### WHAT THE TASK REQUIRES
The result should be all the records, exact and complete, without a single picture.
========
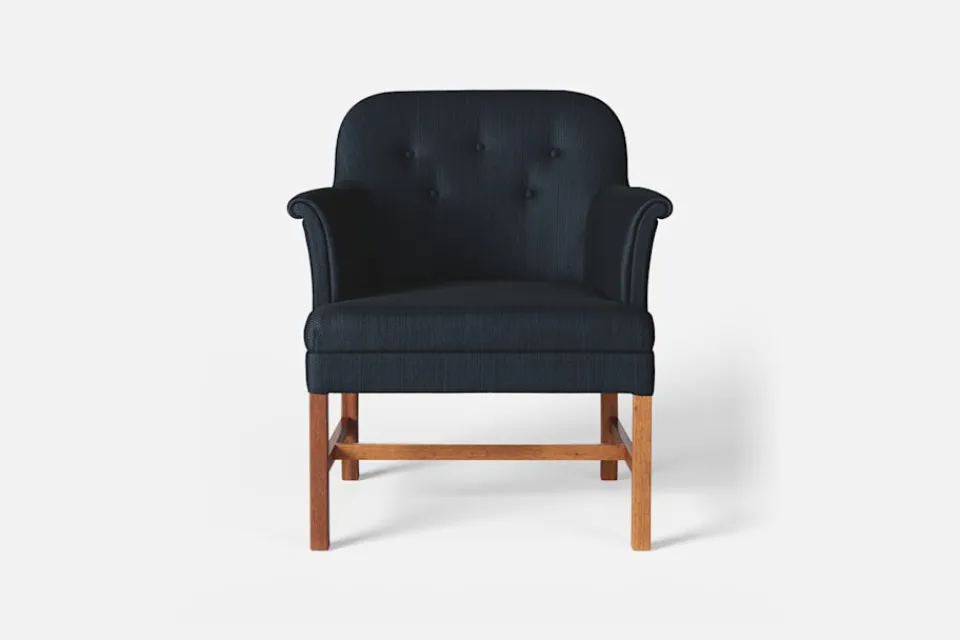 Fåtöljer*Josef Frank Stol 930 Vägen, Svart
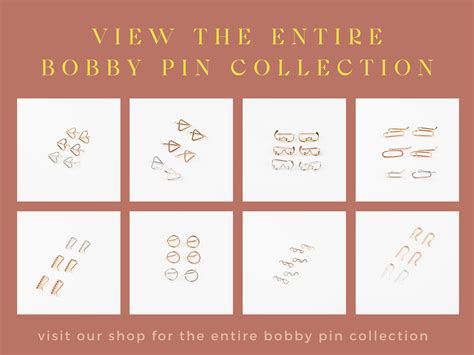 Bobby Pin Earrings Earrings Bobby Pins Ear Climber Ear Etsy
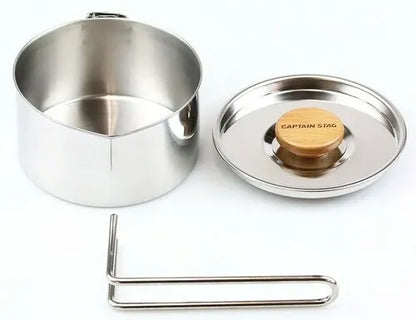 キャンピング ケットル クッカー 730ml / Camping Kettle Cooker 730ml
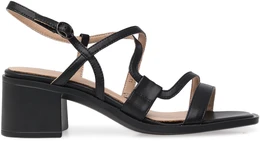 Женские черные босоножки Baden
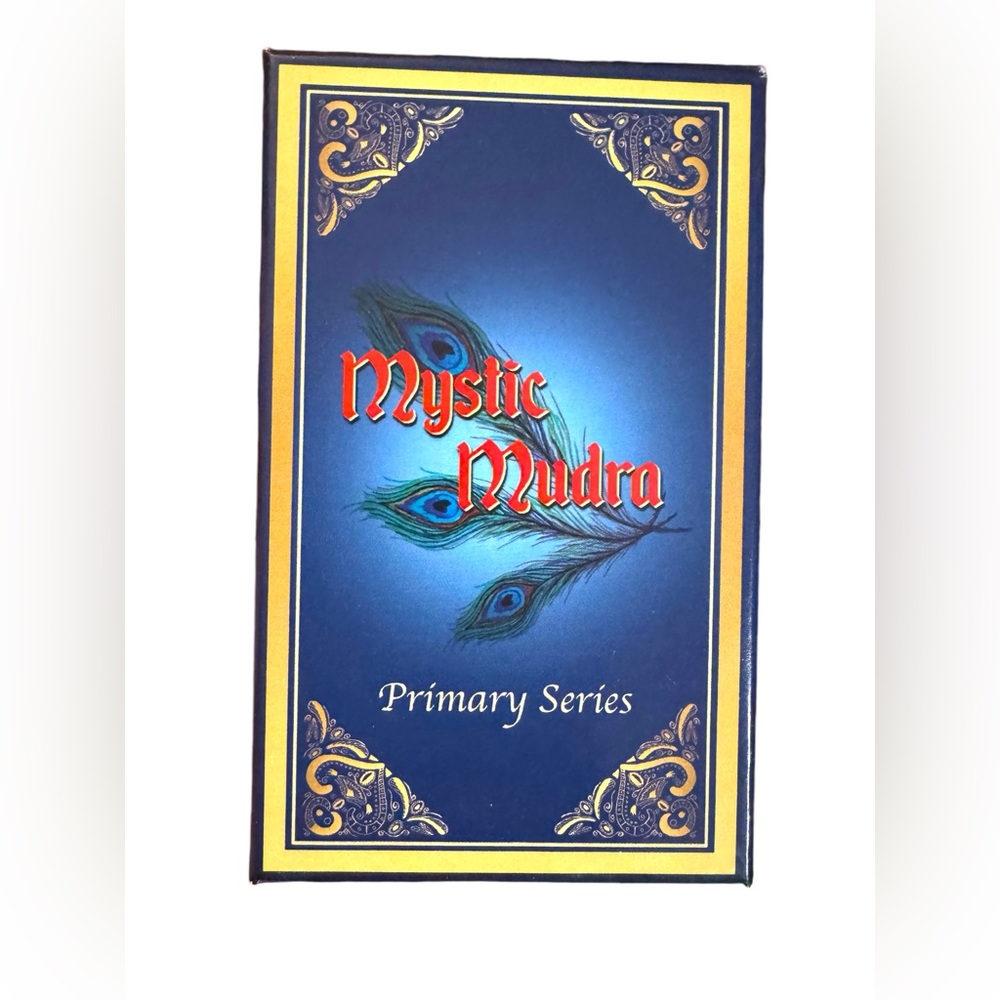 Mystic Mudra by Sherry Boxall, 39 card deck with companion guidebook LN OOP RARE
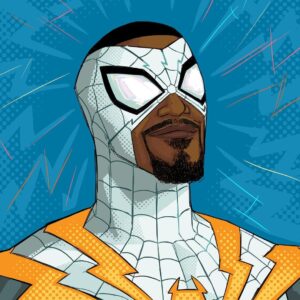 Jamie Foxx Instagram - Meanwhile in another dimension… the #SpiderVerse team imagined what I might look like if I was a member of the Spider Society. 
 
SPIDER-MAN: ACROSS THE SPIDER-VERSE
Instagram: @SpiderVerseMovie
Twitter: @SpiderVerse
TikTok: @SpiderVerseMovie 
Facebook: @SpiderVerseMovie
Hashtag: #SpiderVerse
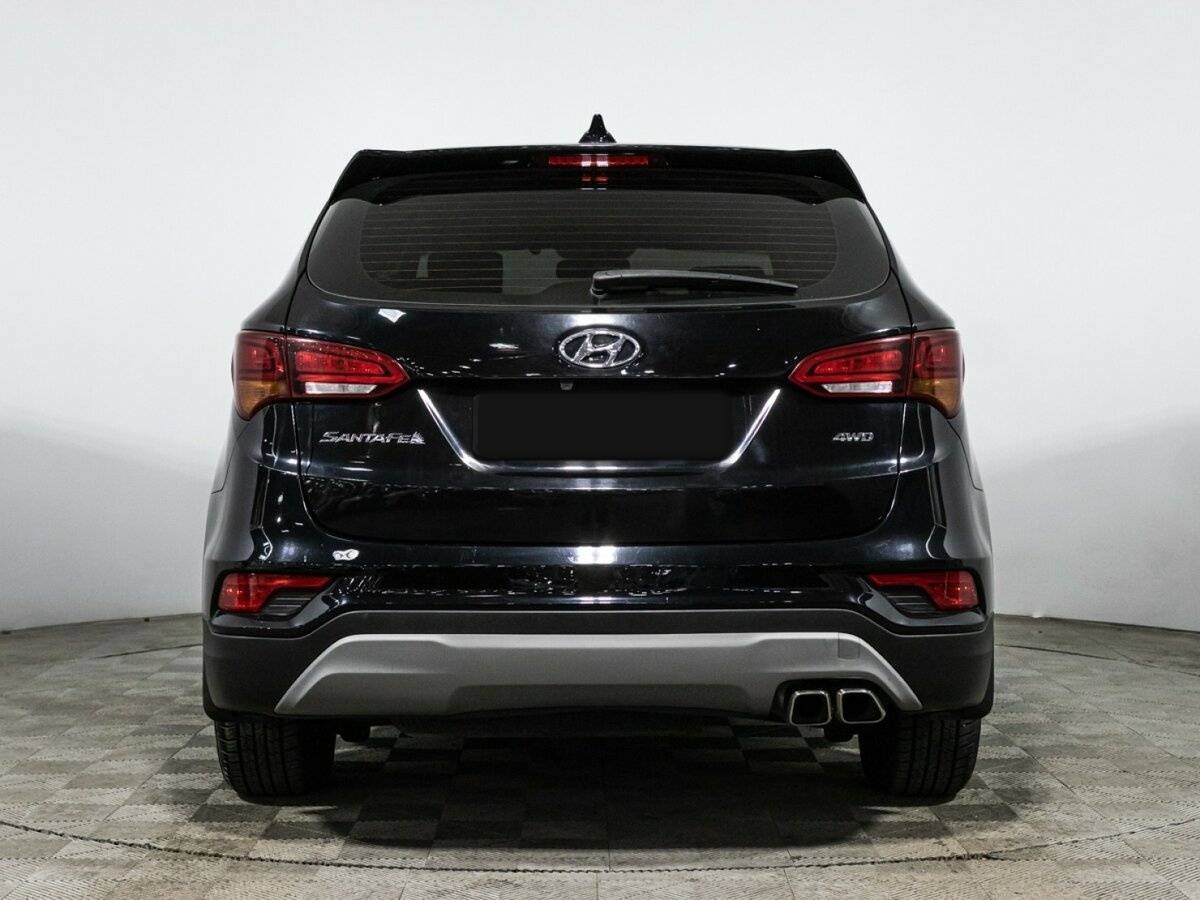Купить Hyundai Santa Fe с пробегом. Фото: #5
========
### REPLY TO THE TASK
 Fåtöljer*Josef Frank Stol 930 Vägen, Svart
 Bobby Pin Earrings Earrings Bobby Pins Ear Climber Ear Etsy
 キャンピング ケットル クッカー 730ml / Camping Kettle Cooker 730ml
 Женские черные босоножки Baden
 Mystic Mudra by Sherry Boxall, 39 card deck with companion guidebook LN OOP RARE
 Jamie Foxx Instagram - Meanwhile in another dimension… the #SpiderVerse team imagined what I might look like if I was a member of the Spider Society. 
 
SPIDER-MAN: ACROSS THE SPIDER-VERSE
Instagram: @SpiderVerseMovie
Twitter: @SpiderVerse
TikTok: @SpiderVerseMovie 
Facebook: @SpiderVerseMovie
Hashtag: #SpiderVerse
Купить Hyundai Santa Fe с пробегом. Фото: #5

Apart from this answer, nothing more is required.